CAUTION: This e-mail originated outside the University of Southampton.
Hi James,

I was having a similar problem. Our servers are periodically rebooted overnight. The problem we had was that the Indexer was killed instead of being stopped gracefully, so the PID file remained in place after reboot, preventing the Indexer from starting up again.

In the end I resorted to removing epindexer from /etc/init.d and installing a systemd service instead.

Problem was, we use the Indexer for more than just indexing. Some of the tasks are complex and prone to failure, so we tend to use the "--clear" or "--retry" options to the indexer script quite a lot. But manually stopping and starting the Indexer when systemd expects to control it is problematic.

(It would be nice if we could clear/retry tasks in bulk without restarting the Indexer; is there a reason why that would be a bad idea?)

In the end I wrote a helper script that I now use instead of calling the indexer script directly.
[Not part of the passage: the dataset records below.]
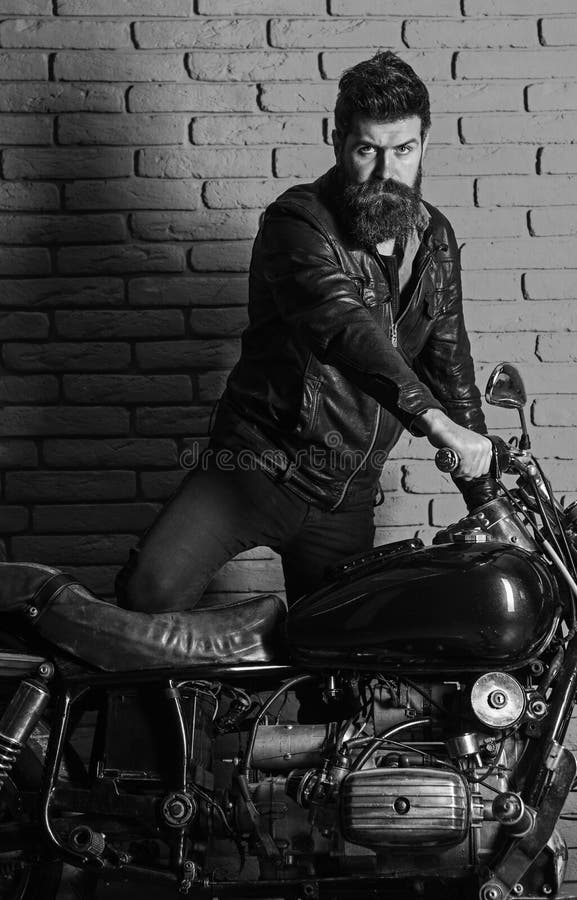 A Man in Black Leather Jacket Sitting Beside the Motorbike · Free Stock  Photo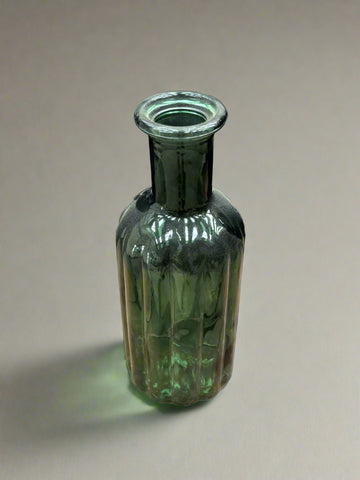 A small, ribbed, emerald green, glass bud vase.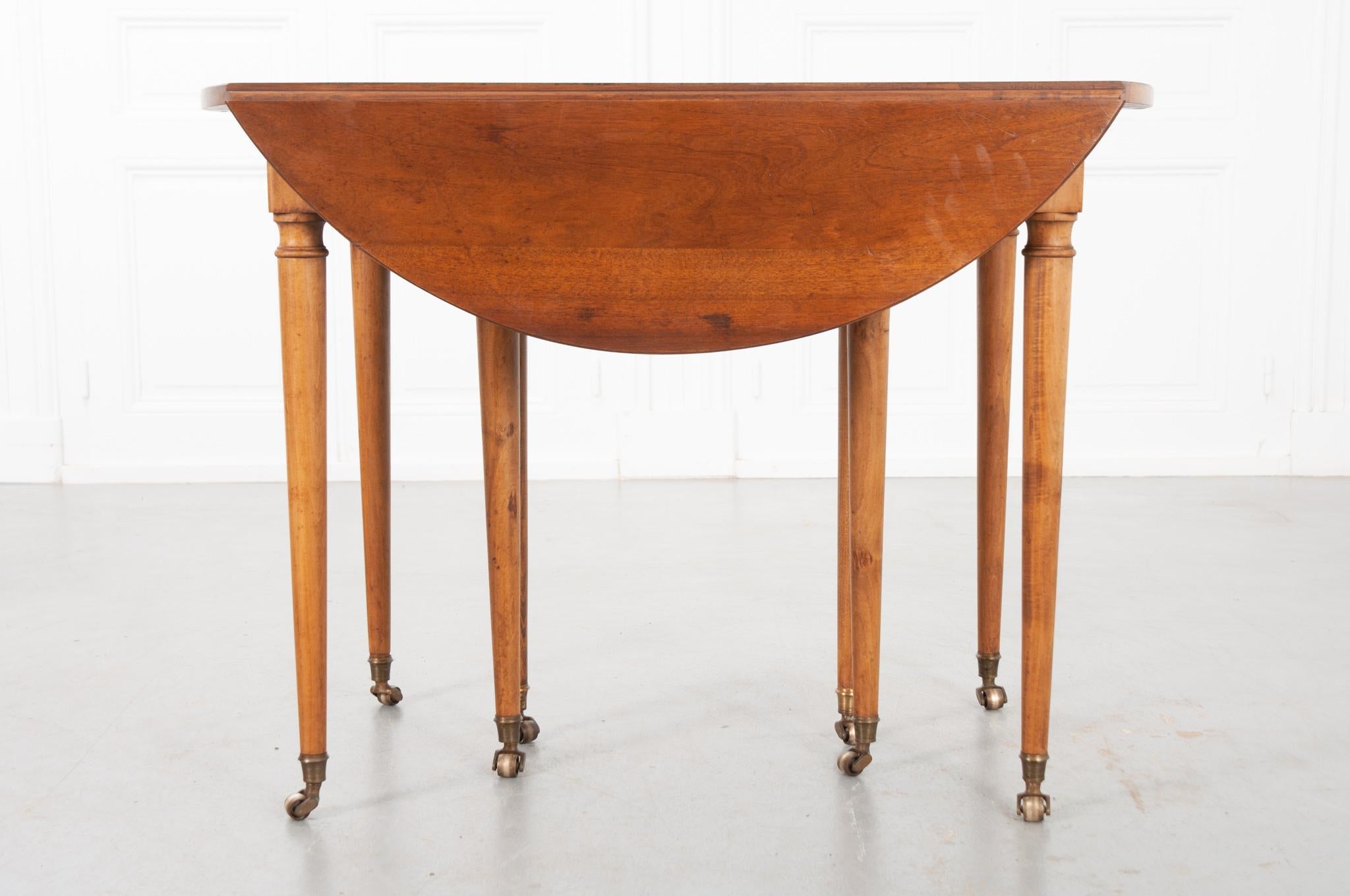 A lovely French 19th century drop leaf extending dining table. The fruitwood has a nice warm patina. The top sits over a simple apron supported with four tapered legs on brass caps with brass casters. There are four legs, also on casters, in the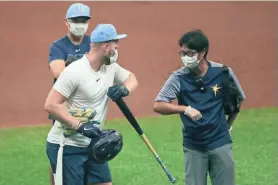  ?? ASSOCIATED PRESS ?? Tampa Bay put star outfielder Austin Meadows, left, on the injured list Thursday night after he tested positive for COVID-19.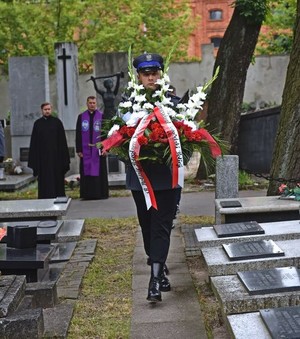 Składanie kwiatów i zapalanie zniczy na cmentarzu pod pomnikiem.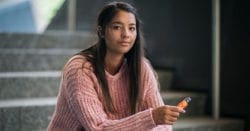 A teen girl holding a vape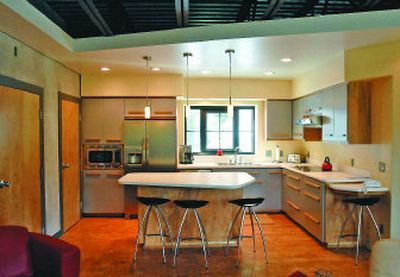 
In the four-unit condo development built by William and Diane Hellar on Schweitzer Mountain, space in the kitchen is at a premium, so built-in appliances and storage are designed to make maximum use of the space. The microwave is built into the cupboard at left. 
 (The Spokesman-Review)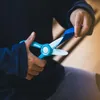 A child's hands are using a pair of turquoise and white safety scissors to cut a piece of blue paper. Náhled obrázku produktu
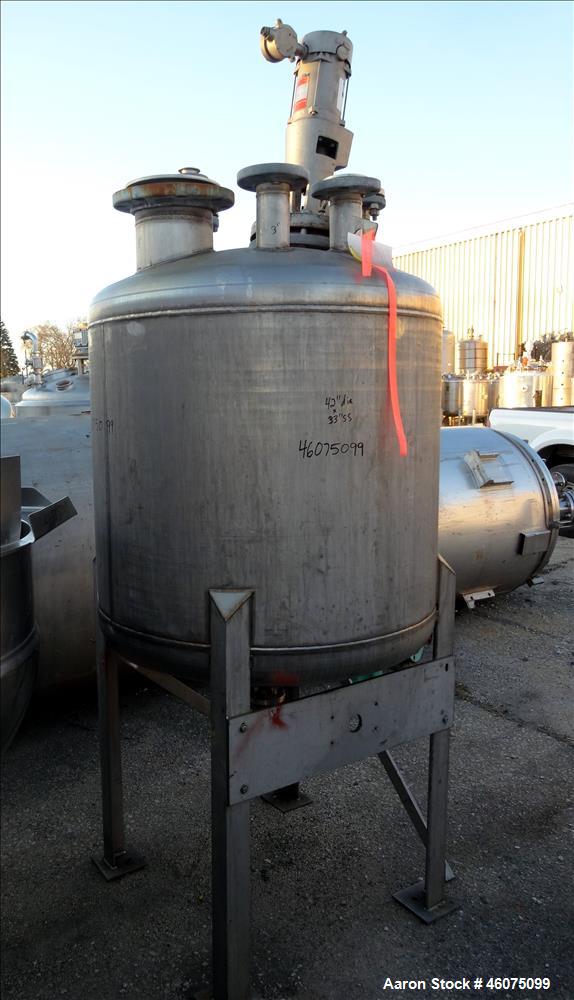 Used Tank, 225 Gallon, 304 Stainless Steel, Vertical. Approximate 42" diameter x 34" straight side, dished top & bottom. Off center top entering Lightnin agitator, model XJSS, serial# R0060117001. Ap...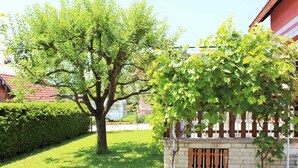 A residential area with a large tree, a small brick structure with a wooden gate, and a well-maintained lawn. - Modern Apartment With Garden Near the Petzen ski Area in Eberndorf / Carinthia (Eberndorf)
It looks like this:

#!/usr/bin/env bash
case $1 in
	start)
		sudo systemctl start epindexer
		;;
	stop)
		sudo systemctl stop epindexer
		;;
	restart)
		sudo systemctl restart epindexer
		;;
	clear)
		sudo systemctl set-environment EPINDEXER='--clear'
		sudo systemctl restart epindexer
		sudo systemctl unset-environment EPINDEXER
		;;
	retry)
		sudo systemctl set-environment EPINDEXER='--retry'
		sudo systemctl restart epindexer
		sudo systemctl unset-environment EPINDEXER
		;;
	*)
		cat <<-END
		(help message)
		END
		;;
esac

And in the epindexer.service file:

[Service]
ExecStart=/opt/eprints3/bin/indexer start $EPINDEXER
ExecStop=/opt/eprints3/bin/indexer stop

Since using this solution I haven't had the issue of the PID file persisting on reboot. Systemd is supposed to take care of this with when PIDFile is set: "The service manager will not write to the file configured here, although it will remove the file after the service has shut down if it still exists."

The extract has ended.